To upload Datasets from Google Cloud Storage (GCS) to FCS, you first need to create a Storage Provider Connection that holds the necessary information to connect to your GCS bucket. Setting up a Storage Provider Connection for GCS leverages Google Cloud Platform's Service Account JSON key file. You can find more information on how to create a Service Account JSON key file in the Google Cloud documentation (Pick the Console tab for instructions on how to obtain it using the GCP web console).

Prerequisites

Before creating a Storage Provider Connection, you need to have the following information at hand:

  • A Google Cloud Service Account JSON key file with sufficient permissions to access the target GCS bucket.
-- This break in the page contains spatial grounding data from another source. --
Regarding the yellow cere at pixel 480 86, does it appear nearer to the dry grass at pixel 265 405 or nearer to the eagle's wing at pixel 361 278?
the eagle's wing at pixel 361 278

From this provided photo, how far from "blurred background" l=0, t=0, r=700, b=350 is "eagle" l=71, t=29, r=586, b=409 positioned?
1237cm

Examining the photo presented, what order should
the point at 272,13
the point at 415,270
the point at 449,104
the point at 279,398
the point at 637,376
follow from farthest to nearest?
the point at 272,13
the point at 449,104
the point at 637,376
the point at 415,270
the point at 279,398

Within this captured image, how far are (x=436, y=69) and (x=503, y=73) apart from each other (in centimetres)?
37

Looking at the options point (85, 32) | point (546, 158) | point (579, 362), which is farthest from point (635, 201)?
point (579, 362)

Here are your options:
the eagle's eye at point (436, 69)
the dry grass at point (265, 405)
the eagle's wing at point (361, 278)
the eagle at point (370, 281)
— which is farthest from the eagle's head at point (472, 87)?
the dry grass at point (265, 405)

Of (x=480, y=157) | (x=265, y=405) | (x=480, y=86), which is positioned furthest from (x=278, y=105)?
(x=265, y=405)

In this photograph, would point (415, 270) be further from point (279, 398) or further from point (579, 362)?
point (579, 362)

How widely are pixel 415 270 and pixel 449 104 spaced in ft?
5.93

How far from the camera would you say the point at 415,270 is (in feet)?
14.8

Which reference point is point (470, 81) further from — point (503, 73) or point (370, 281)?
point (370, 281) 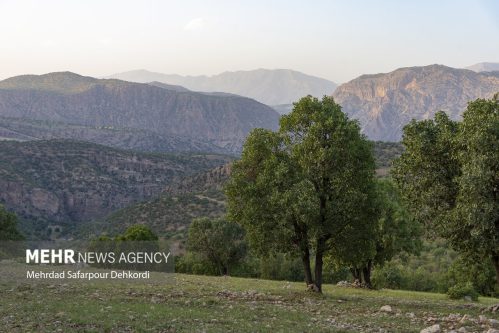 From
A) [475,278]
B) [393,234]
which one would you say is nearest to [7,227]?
[393,234]

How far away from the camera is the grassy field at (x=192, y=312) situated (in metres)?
15.9

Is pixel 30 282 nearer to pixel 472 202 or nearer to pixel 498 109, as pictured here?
pixel 472 202

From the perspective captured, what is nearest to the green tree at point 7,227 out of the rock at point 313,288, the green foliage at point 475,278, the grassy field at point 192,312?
the grassy field at point 192,312

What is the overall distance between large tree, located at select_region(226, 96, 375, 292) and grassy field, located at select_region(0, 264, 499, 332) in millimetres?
3550

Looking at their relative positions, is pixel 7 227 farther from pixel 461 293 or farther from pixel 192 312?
pixel 192 312

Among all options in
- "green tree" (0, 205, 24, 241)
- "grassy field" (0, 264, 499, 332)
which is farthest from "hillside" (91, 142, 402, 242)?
"grassy field" (0, 264, 499, 332)

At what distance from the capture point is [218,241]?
69500mm

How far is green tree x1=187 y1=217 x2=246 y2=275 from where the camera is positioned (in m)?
69.5

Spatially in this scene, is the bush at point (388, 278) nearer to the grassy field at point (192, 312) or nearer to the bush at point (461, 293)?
the bush at point (461, 293)

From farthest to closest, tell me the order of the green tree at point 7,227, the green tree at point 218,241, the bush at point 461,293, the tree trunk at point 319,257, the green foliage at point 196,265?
the green foliage at point 196,265 < the green tree at point 7,227 < the green tree at point 218,241 < the bush at point 461,293 < the tree trunk at point 319,257

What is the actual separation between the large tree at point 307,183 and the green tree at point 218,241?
42.1 m

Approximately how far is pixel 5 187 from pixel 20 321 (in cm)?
16877

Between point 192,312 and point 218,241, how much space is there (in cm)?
5102

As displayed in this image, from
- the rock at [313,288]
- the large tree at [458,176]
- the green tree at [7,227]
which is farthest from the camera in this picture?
the green tree at [7,227] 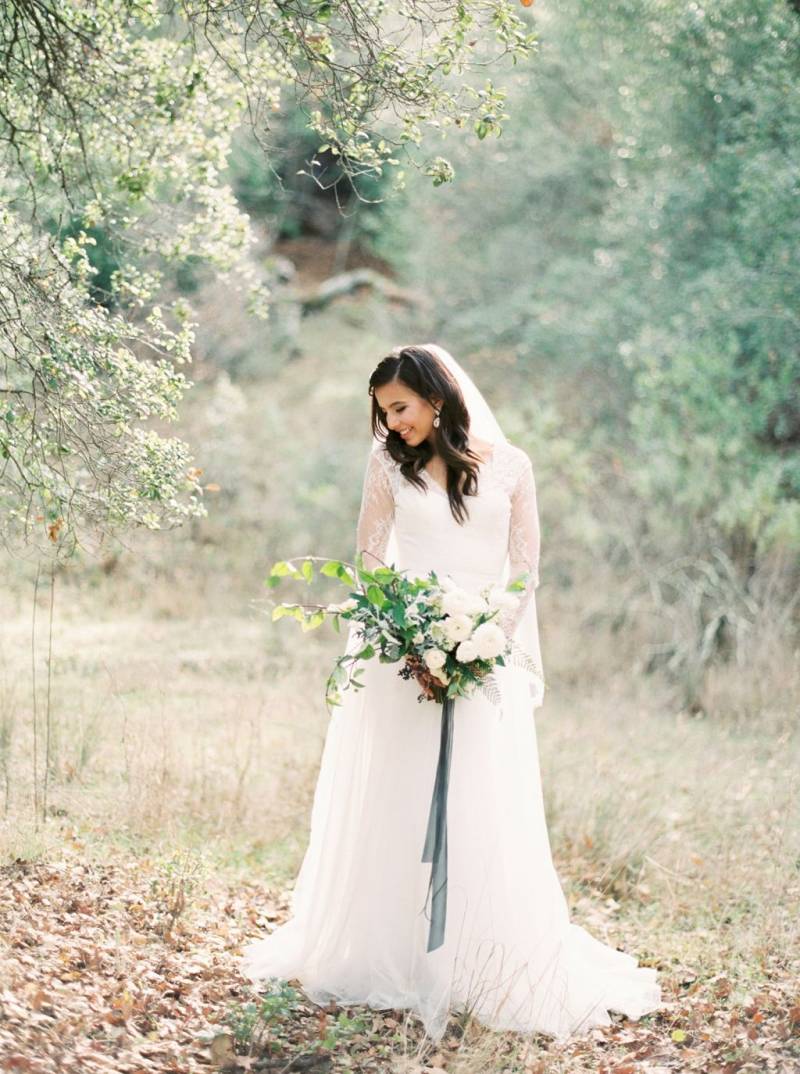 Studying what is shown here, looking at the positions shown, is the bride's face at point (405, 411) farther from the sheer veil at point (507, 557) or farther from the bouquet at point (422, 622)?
the bouquet at point (422, 622)

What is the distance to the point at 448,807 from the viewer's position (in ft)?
14.6

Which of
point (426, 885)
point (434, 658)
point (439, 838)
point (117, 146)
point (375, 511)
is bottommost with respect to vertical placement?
point (426, 885)

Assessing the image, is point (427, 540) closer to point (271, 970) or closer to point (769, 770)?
point (271, 970)

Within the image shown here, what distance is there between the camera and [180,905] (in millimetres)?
5016

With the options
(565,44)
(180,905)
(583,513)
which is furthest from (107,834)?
(565,44)

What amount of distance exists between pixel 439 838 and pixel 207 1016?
3.50ft

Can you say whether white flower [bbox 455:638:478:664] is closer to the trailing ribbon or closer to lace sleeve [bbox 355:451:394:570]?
the trailing ribbon

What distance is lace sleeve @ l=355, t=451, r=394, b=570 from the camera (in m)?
4.53

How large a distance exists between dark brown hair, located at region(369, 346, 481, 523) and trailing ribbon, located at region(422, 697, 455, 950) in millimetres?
836

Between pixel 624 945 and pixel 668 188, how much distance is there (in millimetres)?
8637

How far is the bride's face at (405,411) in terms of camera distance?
439cm

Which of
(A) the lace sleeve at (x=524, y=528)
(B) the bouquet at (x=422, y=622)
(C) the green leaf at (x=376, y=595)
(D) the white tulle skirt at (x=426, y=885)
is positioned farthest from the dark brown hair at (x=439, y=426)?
(D) the white tulle skirt at (x=426, y=885)

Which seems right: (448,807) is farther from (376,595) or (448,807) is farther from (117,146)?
(117,146)

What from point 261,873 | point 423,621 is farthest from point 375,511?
point 261,873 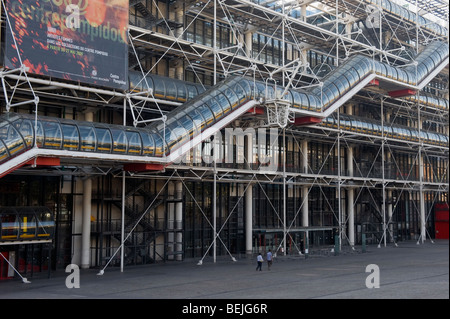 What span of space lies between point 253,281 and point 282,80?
1762 cm

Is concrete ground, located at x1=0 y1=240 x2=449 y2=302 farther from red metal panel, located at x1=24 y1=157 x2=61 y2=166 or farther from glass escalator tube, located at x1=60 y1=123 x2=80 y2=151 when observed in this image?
glass escalator tube, located at x1=60 y1=123 x2=80 y2=151

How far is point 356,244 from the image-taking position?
4238 centimetres

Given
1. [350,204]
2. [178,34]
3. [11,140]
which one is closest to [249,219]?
[350,204]

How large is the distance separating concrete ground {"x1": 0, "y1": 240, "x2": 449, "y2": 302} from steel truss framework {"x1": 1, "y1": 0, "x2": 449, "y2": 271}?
2470 mm

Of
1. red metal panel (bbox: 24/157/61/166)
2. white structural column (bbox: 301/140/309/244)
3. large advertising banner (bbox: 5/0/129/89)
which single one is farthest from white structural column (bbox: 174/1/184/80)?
red metal panel (bbox: 24/157/61/166)

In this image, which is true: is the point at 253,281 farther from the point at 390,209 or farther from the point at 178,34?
the point at 390,209

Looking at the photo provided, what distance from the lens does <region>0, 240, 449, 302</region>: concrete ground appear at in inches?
701

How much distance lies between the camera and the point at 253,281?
2148 cm

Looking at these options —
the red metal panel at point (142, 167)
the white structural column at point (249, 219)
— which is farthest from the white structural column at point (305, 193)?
the red metal panel at point (142, 167)

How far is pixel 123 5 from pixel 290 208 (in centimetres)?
1778

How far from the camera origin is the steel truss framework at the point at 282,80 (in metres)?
26.6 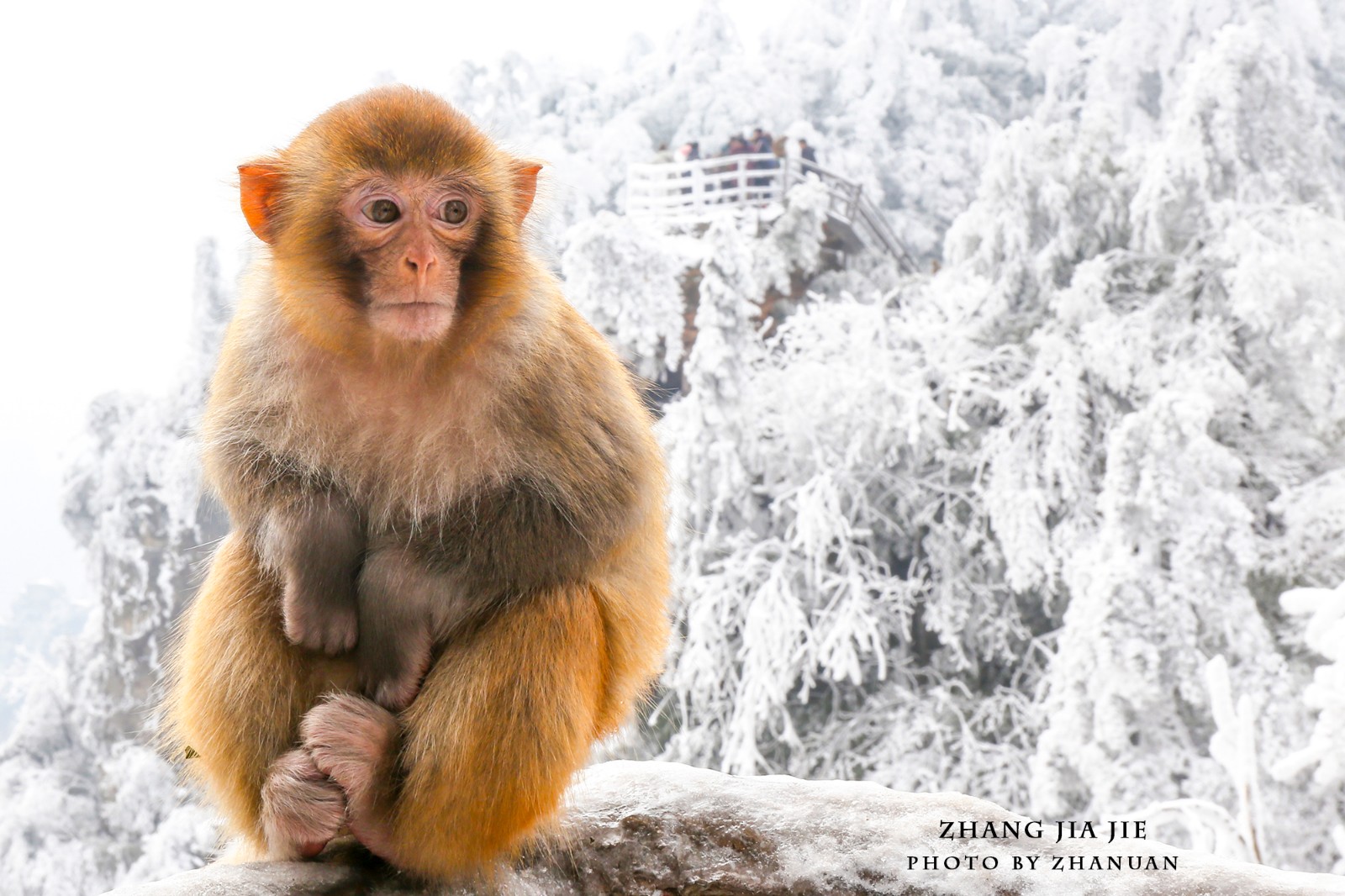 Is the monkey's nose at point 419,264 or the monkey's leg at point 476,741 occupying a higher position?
the monkey's nose at point 419,264

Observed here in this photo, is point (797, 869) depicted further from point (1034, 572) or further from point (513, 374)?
point (1034, 572)

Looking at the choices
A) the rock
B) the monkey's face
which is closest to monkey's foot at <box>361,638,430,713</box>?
the rock

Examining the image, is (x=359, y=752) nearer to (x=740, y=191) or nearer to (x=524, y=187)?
(x=524, y=187)

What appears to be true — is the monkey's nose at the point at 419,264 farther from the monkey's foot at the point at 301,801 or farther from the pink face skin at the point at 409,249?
the monkey's foot at the point at 301,801

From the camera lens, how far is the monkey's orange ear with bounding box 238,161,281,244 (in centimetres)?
162

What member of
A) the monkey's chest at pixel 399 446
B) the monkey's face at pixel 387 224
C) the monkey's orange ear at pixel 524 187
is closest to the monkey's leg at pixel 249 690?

Storing Your Google Cloud Service Account Key

To store your Google Cloud Service Account JSON key file as an FCS Secret, run the following command:

cat <service_account_key.json> | flexai secret create <secret_name> --value-stdin

For example, if your Google Cloud Service Account JSON key file is named gcp-service-account.json, you can store it as an FCS Secret named gcp-sa by running the following command:

cat gcp-service-account.json | flexai secret create gcp-sa --value-stdin

This command reads the contents of your Google Cloud Service Account JSON key file and securely stores its entirety as an FCS Secret named gcp-sa.

Creating the Storage Provider Connection

With the Google Cloud Service Account JSON key file stored as an FCS Secret, you can now create a Storage Provider Connection for GCS using the flexai storage command as shown by the example below:

flexai storage create <storage_provider_connection_name> \
--provider gcs \
--service-account-file-name <secret_with_the_service_account_key_json_file_contents>

For example, creating a Storage Provider Connection named gcs-conn that has the Service Account Key JSON details stored in the gcp-sa FCS Secret would look like this:

flexai storage create gcs-conn \
--provider gcs \
--service-account-file-name gcp-sa

After running the command, the Storage Provider Connection gcs-conn will be created.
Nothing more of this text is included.